— DIRECTIONS —
An exact restatement is required. Cover only the lines of the records from the first through the line with "Master Dim Sum", and skip pictures.
===== DATA SUPPLIED =====
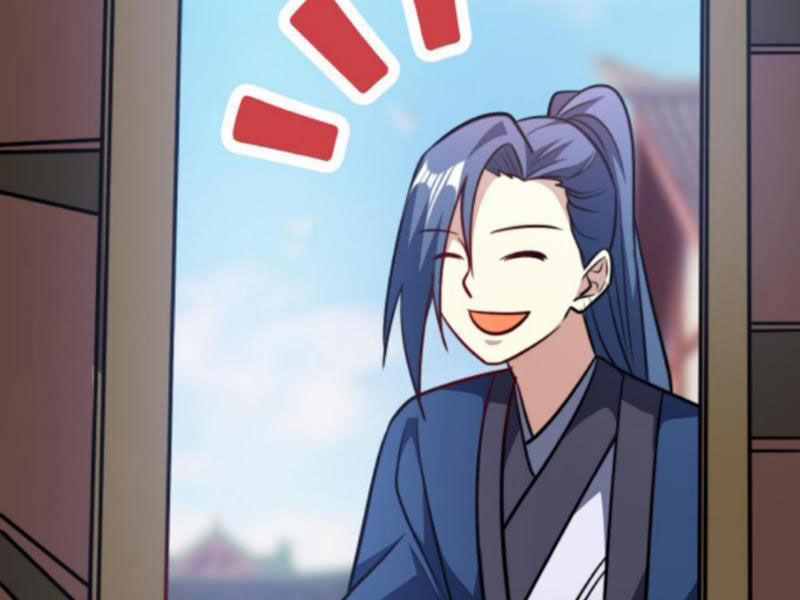 Thiên Khải Bại Gia 183 trang 33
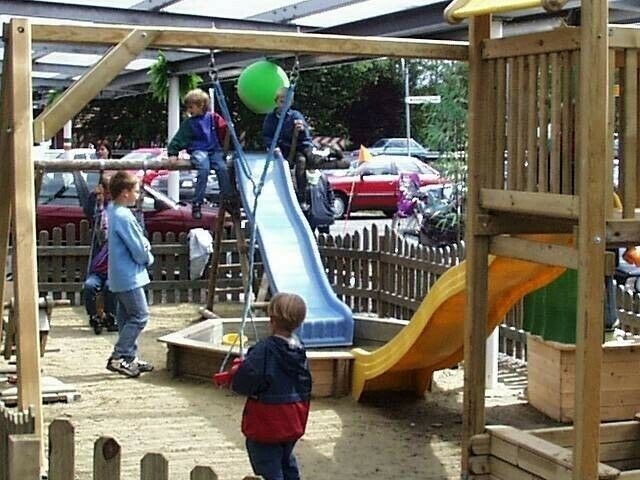 Mazda CX-30 2,5 MHEV Homura el.Heckkl. LED Kamera ...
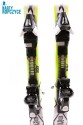 3_SALOMON XMAX JR 100 F17S.jpg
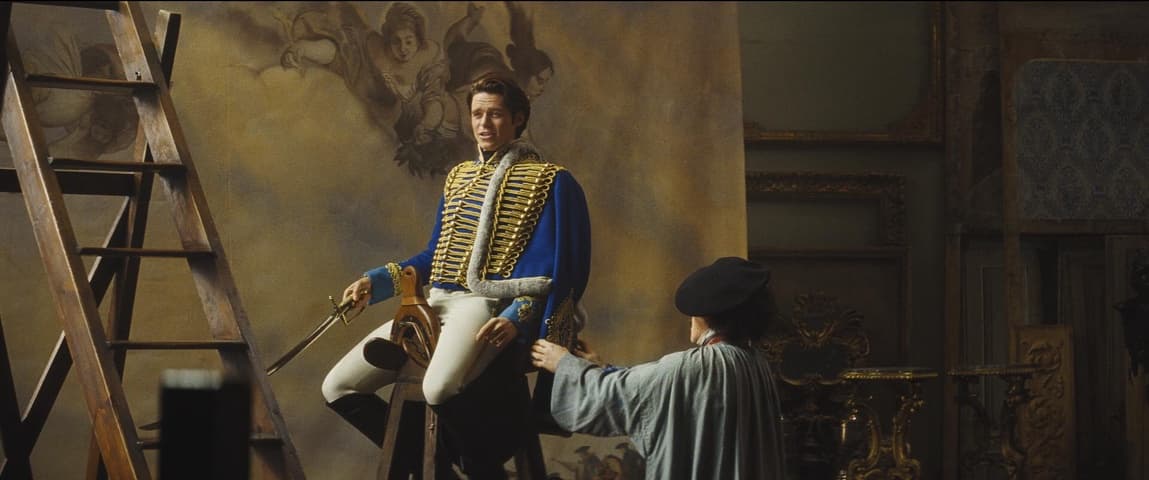 Image 3 de Cinderella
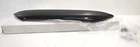 New Oem Genuine Ford Hood Air Deflector 2018-2022 Ecosport JN1Z-16C900-A Kit. Price: $129.00.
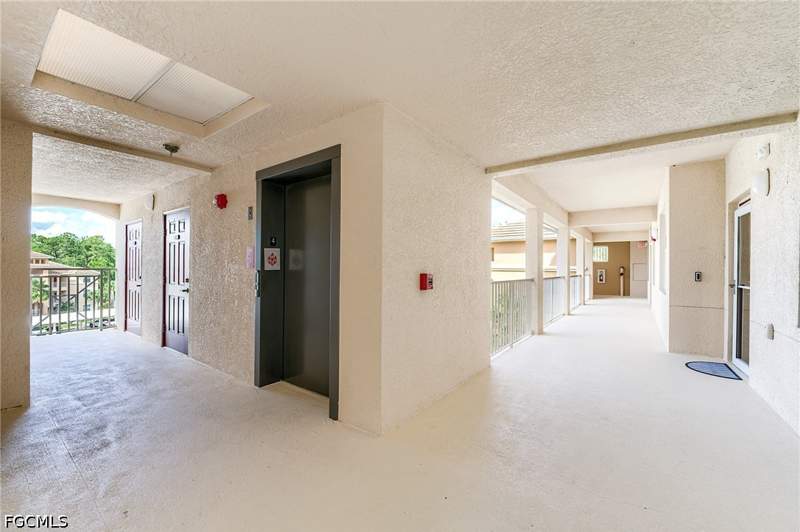 2 bedroom Condominium at 10720 Palazzo Way 403, Palazzo, Fort Myers — photo 3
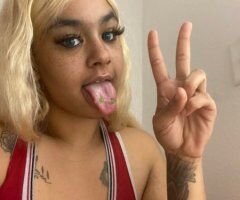Memphis Throat Demon Content — Fetish Outcalls Tonight - Image 2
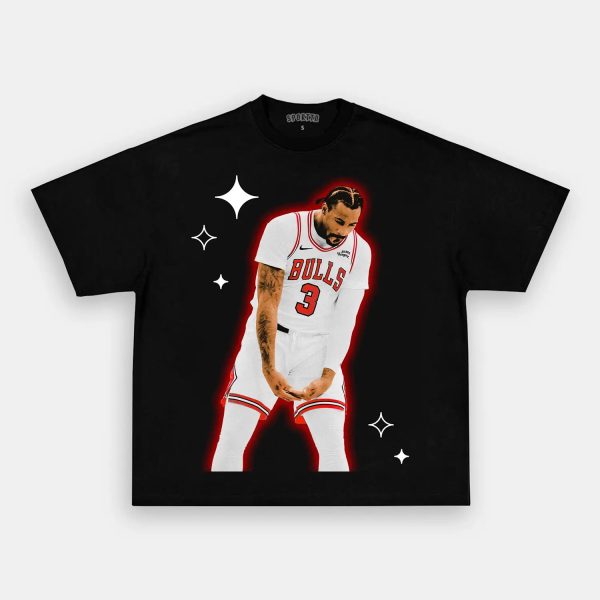 DRUMMOND TEE - Image 3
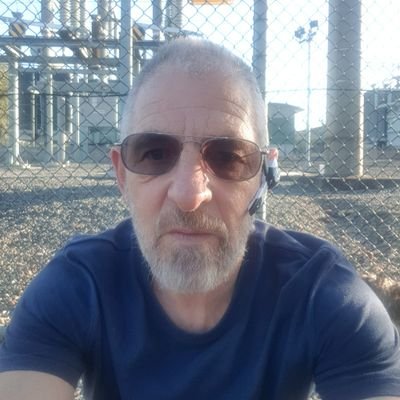 Easy going mid 50 guy, try humbly to be fit and healthy, bit of a 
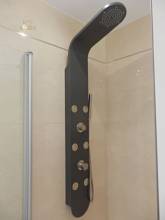 Thumbnail von Villa For Sale in La Cala Golf, Málaga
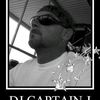 djcaptainj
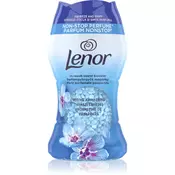 Lenor Spring Awakening dišeče kroglice za pralni stroj 150 g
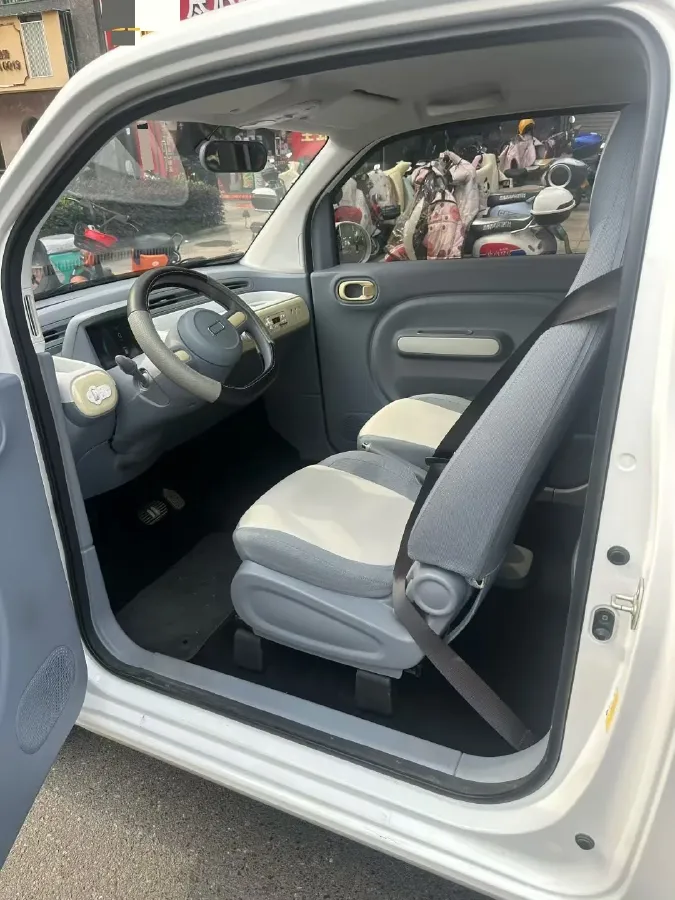 2026 Bestune Pony BEV,autocango,china used car exporter,china ev exporter,chinese used car exporter,chinese used ev exporter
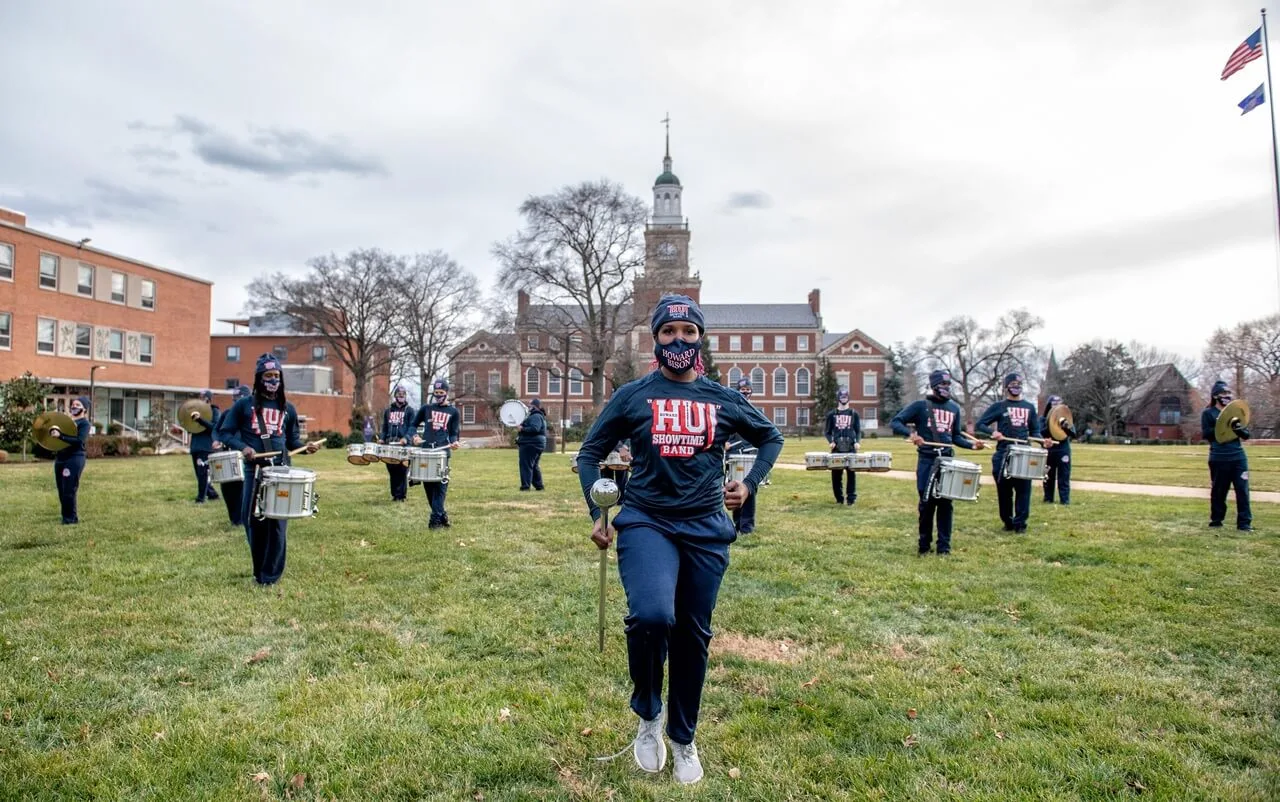 2021 inauguration activities and events for kids and families
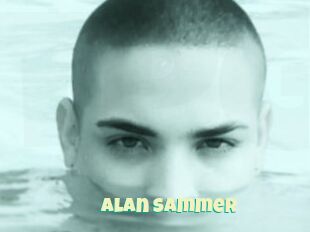 Alan_Sammer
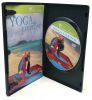 Yoga DVD Flexibility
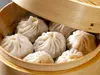 Master Dim Sum Making with Our Online Course at Ritverse (Up to 63% Off)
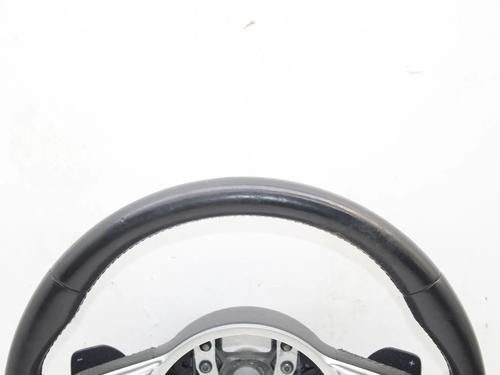 Steering wheel AUDI TT (8J3) 3.2 V6 quattro | BP39861077C49 - Image 4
=====
— ANSWER FOR THIS EXERCISE —
 Thiên Khải Bại Gia 183 trang 33
 Mazda CX-30 2,5 MHEV Homura el.Heckkl. LED Kamera ...
 3_SALOMON XMAX JR 100 F17S.jpg
 Image 3 de Cinderella
 New Oem Genuine Ford Hood Air Deflector 2018-2022 Ecosport JN1Z-16C900-A Kit. Price: $129.00.
 2 bedroom Condominium at 10720 Palazzo Way 403, Palazzo, Fort Myers — photo 3
Memphis Throat Demon Content — Fetish Outcalls Tonight - Image 2
 DRUMMOND TEE - Image 3
 Easy going mid 50 guy, try humbly to be fit and healthy, bit of a 
 Thumbnail von Villa For Sale in La Cala Golf, Málaga
 djcaptainj
 Lenor Spring Awakening dišeče kroglice za pralni stroj 150 g
 2026 Bestune Pony BEV,autocango,china used car exporter,china ev exporter,chinese used car exporter,chinese used ev exporter
 2021 inauguration activities and events for kids and families
 Alan_Sammer
 Yoga DVD Flexibility
 Master Dim Sum Making with Our Online Course at Ritverse (Up to 63% Off)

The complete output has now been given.